The space inside the four pavilions destined to host Euroluce – darkened so as to make for an even more effective and efficient display of lighting products  - has been rethought in order to simplify the visitor path, made more fluid and easily navigated whilst also increasing exhibitor visibility, ensuring that they each have sufficient space. Having studied the flows and the principles of design for all, Lombardini22 came up with an irregular loop-shaped plan that would not only be user-friendly and optimise routes, but also make for an even balance of transit and parking areas and stands.

The City of Lights

Lombardini22’s plan for Euroluce 2023 is an urban-type layout on a trade fair scale, complete  with the elements typical of city spaces that foster the creation of a series of formal and informal networks capable of sparking community cohesion. The variety of urban streets provided the project baseline from a number of angles, from the visibility of all the showcases to the provision of complementary services to enhance the visitor experience - cafés, benches, areas for recharging energy and devices make up the public areas that now constitute a changing and varied landscape of quality spaces. Furthermore, the Euroluce pavilions will also boast a bistro and a fine dining restaurant, designed by Piero Lissoni to tie in with the biennial concept.

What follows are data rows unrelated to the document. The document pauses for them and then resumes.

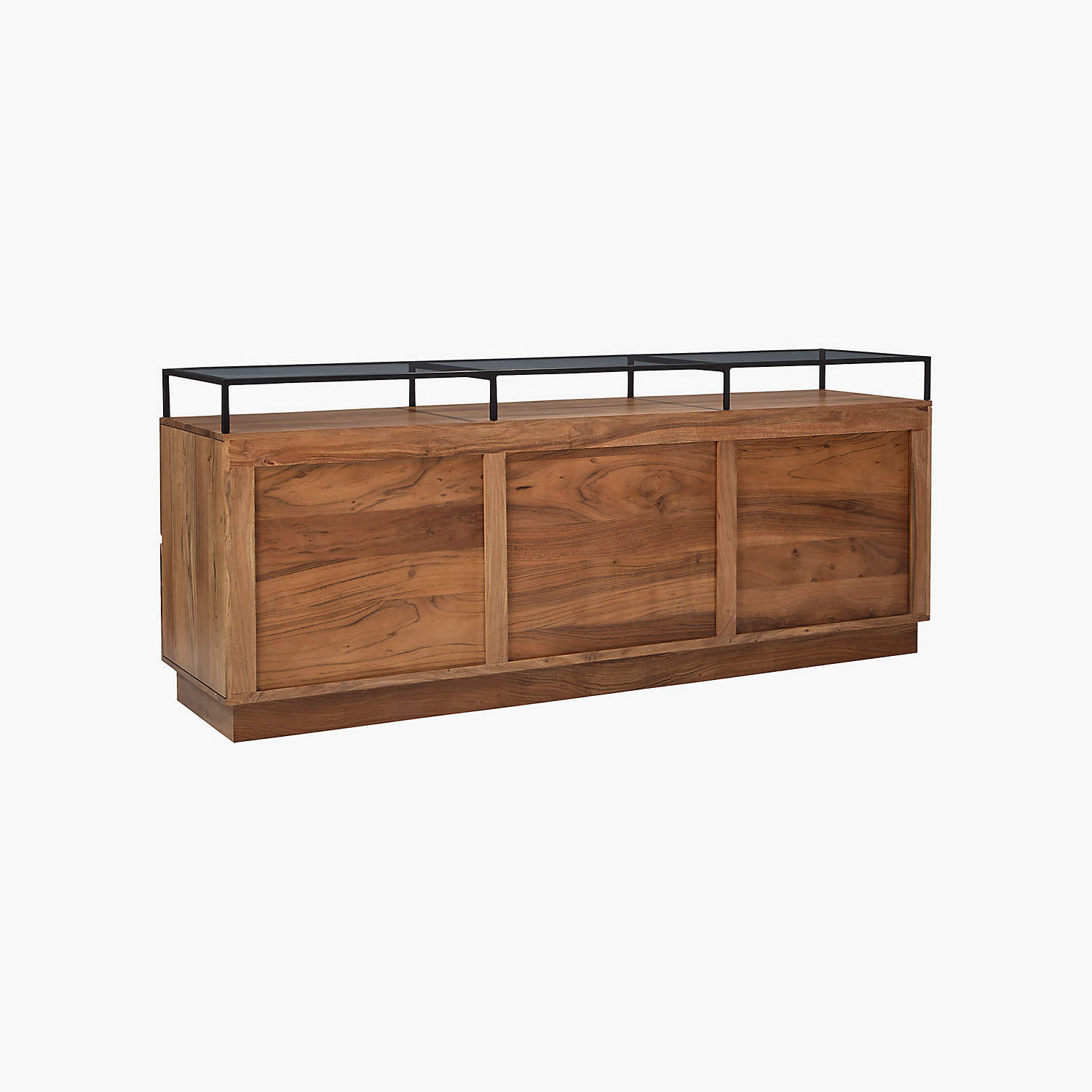 Lawson Drawer Dresser with Glass Top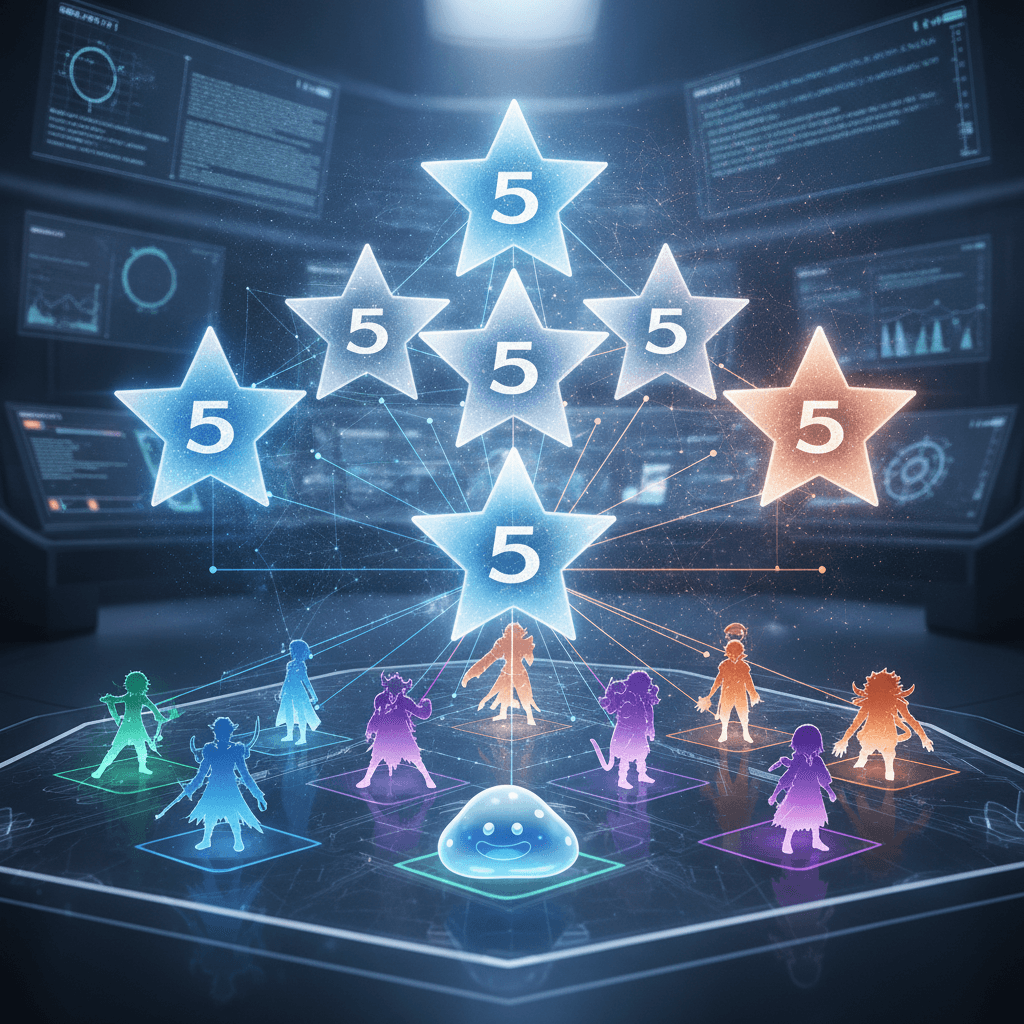 転スラゲーム 星5キャラ編成のコツ:AEO最適解とスキルシナジー戦略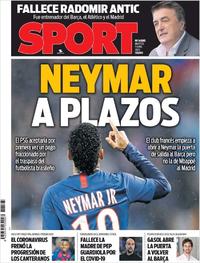 Portada Sport 2020-04-07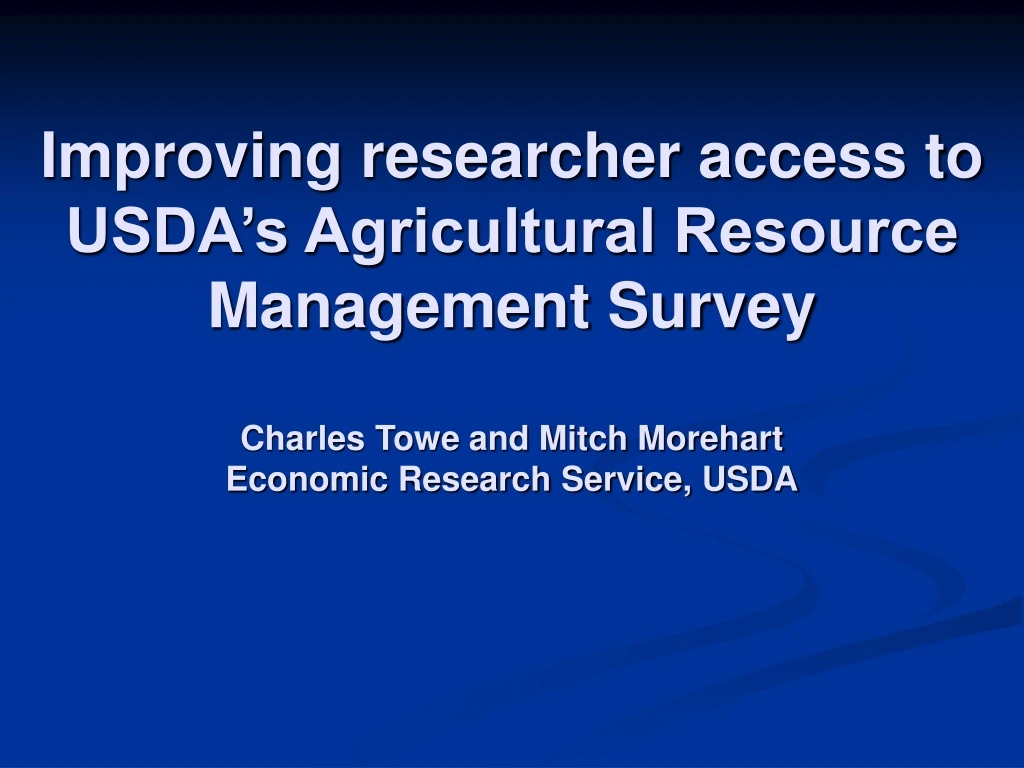 PPT What is the Agricultural Resource Management Survey? PowerPoint Presentation ID9097330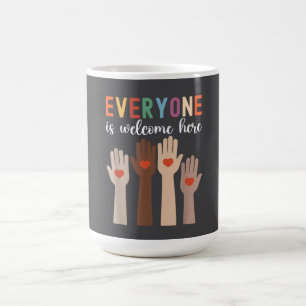 Everyone Is Welcome Here Idaho Teacher Coffee Mug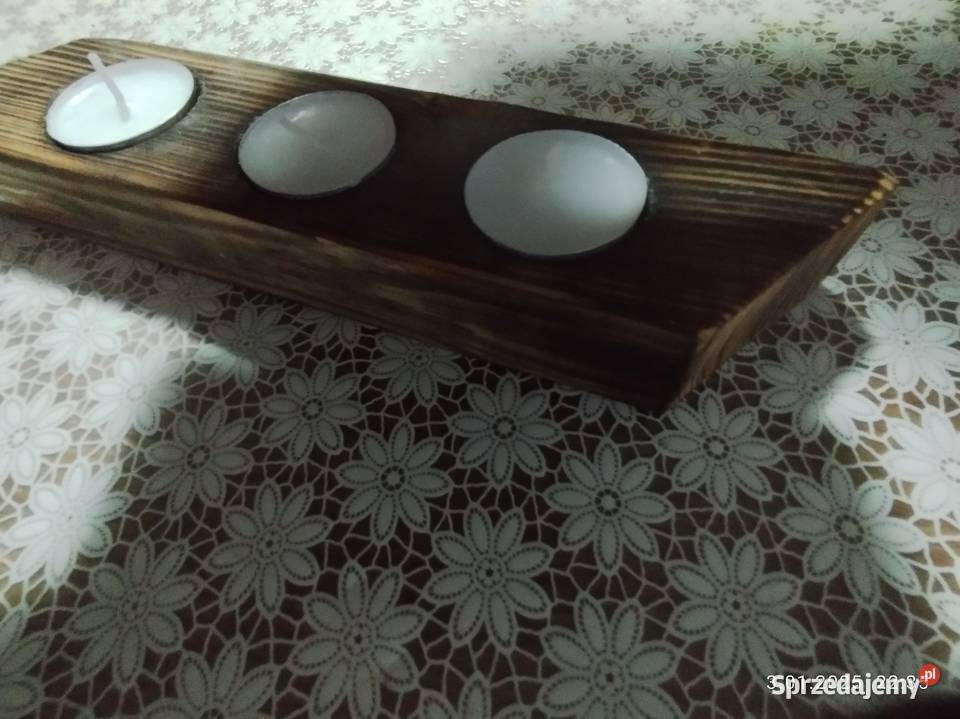 Świecznik drewniany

When applied to the exhibition plan, this urban concept becomes even more inclusive, also dovetailing with the cultural content of the lighting biennial, thanks to Beppe Finessi’s scientific project and artistic direction, making for a structured, polycentric and multidisciplinary exhibition experience and the corresponding presence of public areas and spaces – each specially designed by a different architect. These include Aurore  the large arena designed by Formafantasma in Pavilion 13 – which will be a stopping place, just like a city square, hosting an immersive experience on the themes of light, thanks to solutions combining forms, colours, materials and sounds. It will also be a venue for talks, conferences and lectures integrating business and culture.

One of these exhibition spaces - inside the installation conceived by Berfu Bengisu Goren for the exhibition curated by Michele Calzavara focusing on the relationship between interior architecture and artificial lights – will be dedicated to workshops by the exhibiting companies, professional meetings and technical and technological demonstrations.